A crash course in sampling theory

Whenever an image is rescaled or resampled, it will suffer from one or more of the following artifacts:

  1. Aliasing / moire
  2. Loss of frequency response / blurriness
  3. Ringing / halos
Original Resized 2X smaller using Photoshop's Nearest Neighbour algorithm

The original test pattern consists of a zone plate (the image with the concentric circles) and sample text. When resized using the Nearest Neighbour algorithm, aliasing can be seen as the spurious bands that appear in the zone plate test pattern.

One way to remove aliasing is to use a blurry filter upon resampling (i.e. a filter with poor frequency response). Of course, the problem with this approach is that it makes the image blurry! This can be seen below:

Gaussian blur applied before resizing.

There are other resampling approaches that can create sharp images with low aliasing. However, these filters will introduce ringing artifacts, which can be seen as the halos around the edges of the text as shown below. On highly saturated objects, these 'halos' will be of the opposite color of the text.

Original.
Resized 2X smaller using Photoshop's Bicubic Sharper algorithm.
Image on the left zoomed 200% larger.

No matter what resampling algorithm is used, there is always a tradeoff. This dilemma can be visualized as picking a point inside the following triangle. Improving one aspect (i.e. moving away from one corner) will make the other artifacts worse.
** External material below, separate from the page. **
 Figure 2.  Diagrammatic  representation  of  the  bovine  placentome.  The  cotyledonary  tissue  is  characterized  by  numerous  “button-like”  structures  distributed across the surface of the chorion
In a broadcast monitor, resampling should be avoided where possible! Some manufacturers sell LCDs panels that do not have at least 1920 x 1080 pixels. If you need to monitor a 1920 x 1080 HD image, the image must be resampled to fit the whole image onto the display. Not only will it be incapable of displaying full HD resolution, there will be scaling artifacts on top of that resolution loss. For critical monitoring, it is highly undesirable for the monitor to introduce artifacts which do not exist in the image. Considering that there are many affordable 1920 x 1080 monitoring solutions, there is little reason to buy a reference display that cannot do this. The one exception would be if you only needed to monitor 720p footage and the display in question has sufficient pixels. However, most people need to work with multiple formats including 1920x1080 formats (e.g. 1080i59.97, 1080i50, 1080psf24, and the next-generation 1080p50/59.97 HD formats).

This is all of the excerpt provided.